Posted July 4th, 2011 at 3:03 am (UTC-5)
Leave a comment

Political novice Yingluck Shinawatra is looking to smaller parties to boost her majority in Thailand's parliament a day after elections that will make her the country's first female prime minister.

Election officials said Ms. Yingluck's Puea Thai party captured 265 of the 500 seats in Sunday's voting. The outcome was a stunning setback for the Democrat party of Prime Minister Abhisit Vejjajiva, who announced Monday he will step down as party leader.

However Puea Thai leaders said they would open talks Monday with several smaller parties, hoping to build a coalition with as many as 295 seats. The officials noted that technical challenges in several constituencies could eat away at the party's majority.

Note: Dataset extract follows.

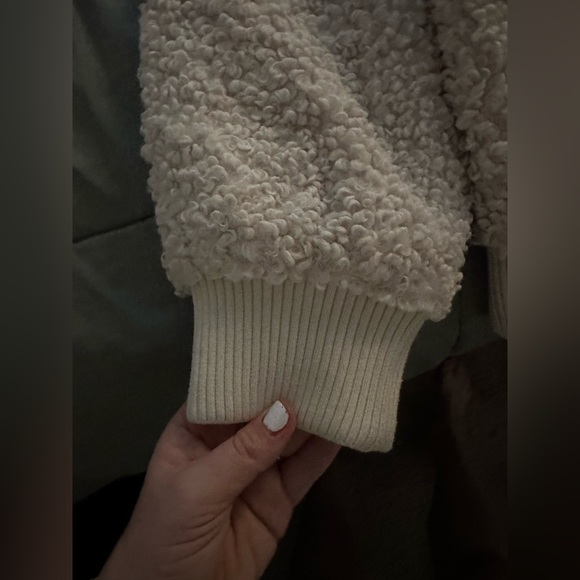 Universal Thread Zip Up Fuzzy Jacket Women’s L - Picture 3 of 5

Ms. Yingluck's victory will mean a return to influence for her older brother Thaksin Shinawatra, a former prime minister who was deposed by the military five years ago. Despite their hostility to Thaksin, military leaders said Monday they will respect the election result.

Thaksin has been living in self-imposed exile in the Middle East because of a conviction on corruption charges that he says was politically motivated. One of the first challenges facing Ms. Yingluck after the new parliament is seated will be whether to pardon her brother.

She must also decide whether to seek charges against military leaders over last year's political violence in which more than 90 people were killed, most of them “Red Shirt” supporters of Thaksin and his political allies.

Thaksin openly advised the Puea Thai campaign from exile and selected his 44-year-old sister to run it. However the successful businesswoman proved to be a very capable campaigner and quickly won over many doubters.

Ms. Yingluck promised during the campaign to pursue a policy of reconciliation, seeking to end tensions between her brother's poor and largely rural supporters and the Democrats with their better educated and pro-monarchy followers.

The United States issued a statement late Sunday in Washington congratulating Thai voters for their “robust participation” in the election.